2.2 New formulation for the topside ionosphere and plasmasphere

The topside function provided by equations (3)–(7) is suited to describe the topside ionosphere. The model developed in this work is intended to accommodate this topside ionosphere formulation with a general representation of the plasmasphere given by Van Allen Probes data. All empirically defined numerical values are based on the values found by Prol et al. (2022).

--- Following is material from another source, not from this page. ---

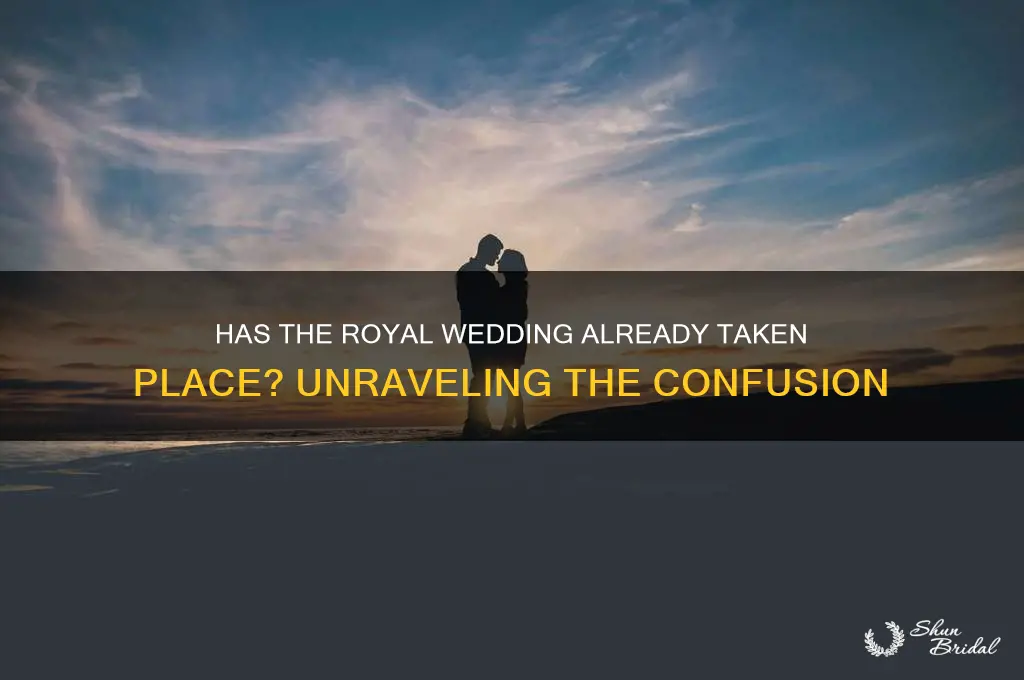 did the royal wedding already happen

As shown in Prol et al. (2022), the electron density measured by the Van Allen Probes can be approximated using a linear scale height, which is equivalent to describing the logarithm of the electron density as linear decay. Accordingly, the electron density of the plasmasphere N_Plas is given by a linear logarithmic relation:

$$\mathrm{lo}{\mathrm{g}}_{10}\left(N_{\mathrm{Plas}}\right)=P_0+\mathrm{d}{P}_0(h-h{P}_0),$$(11)

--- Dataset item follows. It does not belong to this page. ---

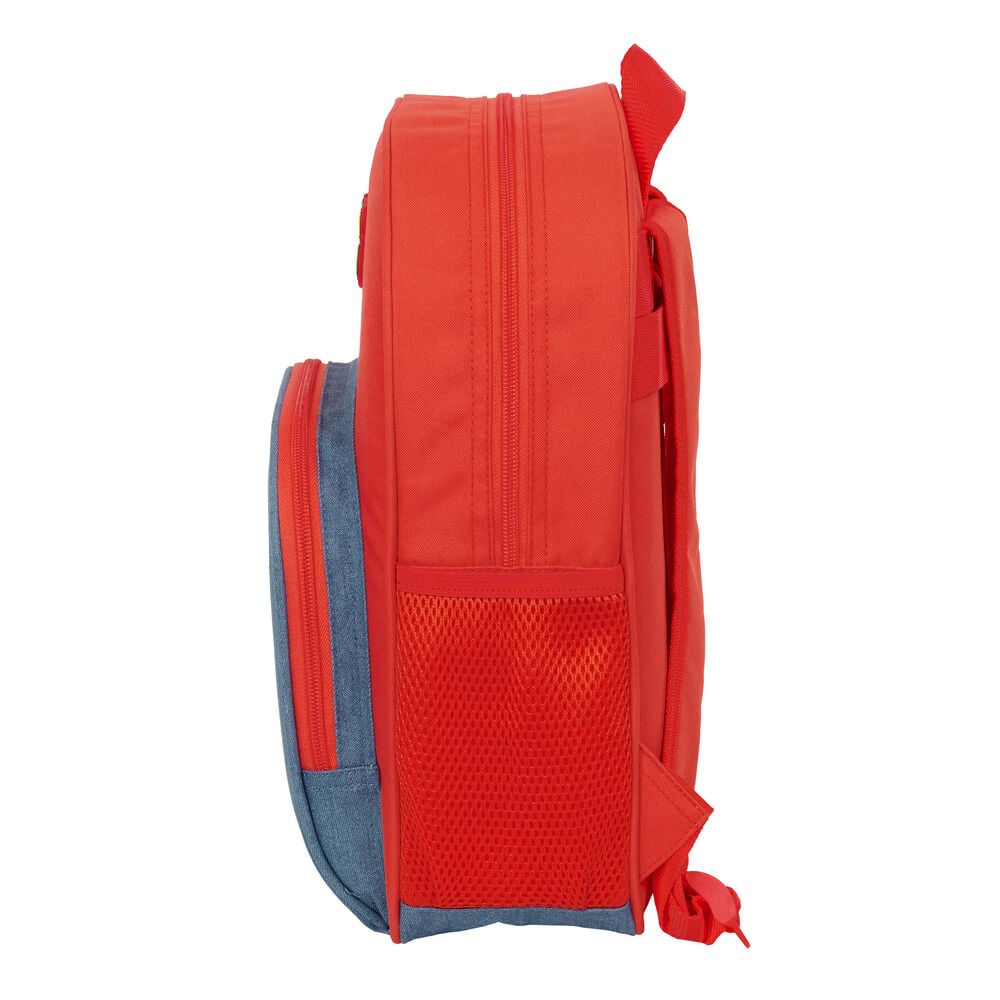 Mochila Super Mario adaptable 34cm SAFTA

where P₀ is the starting point of the logarithmic decay, represented as:

$$P_0=\mathrm{lo}{\mathrm{g}}_{10}\left(N_{\mathrm{top}}^{1500}\right).$$(12)

The quantity $N_{\mathrm{top}}^{1500}$ denotes the electron density of the topside model defined in the previous section. The reference altitude is set at 1500 km to mark an average location of the transition region between the topside ionosphere and plasmasphere at the equator.

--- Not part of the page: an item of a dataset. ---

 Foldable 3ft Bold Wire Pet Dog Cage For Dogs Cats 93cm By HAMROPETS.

The gradient of the exponential decay is provided by:

$$\mathrm{d}{P}_0=\frac{\mathrm{lo}{\mathrm{g}}_{10}\left(N_{\mathrm{pp}}\right)-P_0}{h_{\mathrm{pp}}-h{P}_0},$$(13)

being h_pp the altitude of the plasmapause and N_pp the electron density at the plasmapause. Based on the Van Allen Probe data (Prol et al., 2022), we have observed that the plasmapause at the equator occurs roughly at 30000 km, with an average electron density of N_pp = 1.01 × 10⁸ el/m³. The plasmapause location at the equator is propagated by the geomagnetic field lines, considering the cosine of the MODIP latitude:

$$h_{\mathrm{pp}}=25 000\cos \left(\mathrm{modip}\right)+5000,$$(14)

in which h_pp refers to the altitude of the plasmapause in km. At the geomagnetic equator, equation (14) defines the plasmapause with around the L-shell of 5.7 (L_pp). It should be noted that the L_pp value of 5.7 is quite common for geomagnetically quiet conditions, but is not valid during geomagnetic storm conditions, and incorporating the activity-dependent plasmapause models will be performed in future studies. Furthermore, around the geomagnetic poles, where the magnetic field lines are open and the plasmasphere is not present, the physical meaning of the h_pp parameter is different and does not represent the plasmapause location; rather, it signifies the altitude at which the ionospheric content becomes almost non-existent due to the vertical outflow.

The $N_{\mathrm{top}}^{1500}$ parameter is obtained by propagating a virtual point of the electron density at the equator through the geomagnetic field lines. This virtual point of the electron density at the equator is identified as $N_{\mathrm{top},\mathrm{eq}}^{1500}$. The $N_{\mathrm{top},\mathrm{eq}}^{1500}$ parameter is obtained for a specific position (lat,lon,alt) with equations (3) to (7) as if the point is located at the equator and altitude of 1500 km. The underlying relation between $N_{\mathrm{top}}^{1500}$ and $N_{\mathrm{top},\mathrm{eq}}^{1500}$ is described as:

$$N_{\mathrm{top}}^{1500}=N_{\mathrm{top},\mathrm{eq}}^{1500}\cos (\mathrm{modip}{)}^2+10^8,$$(15)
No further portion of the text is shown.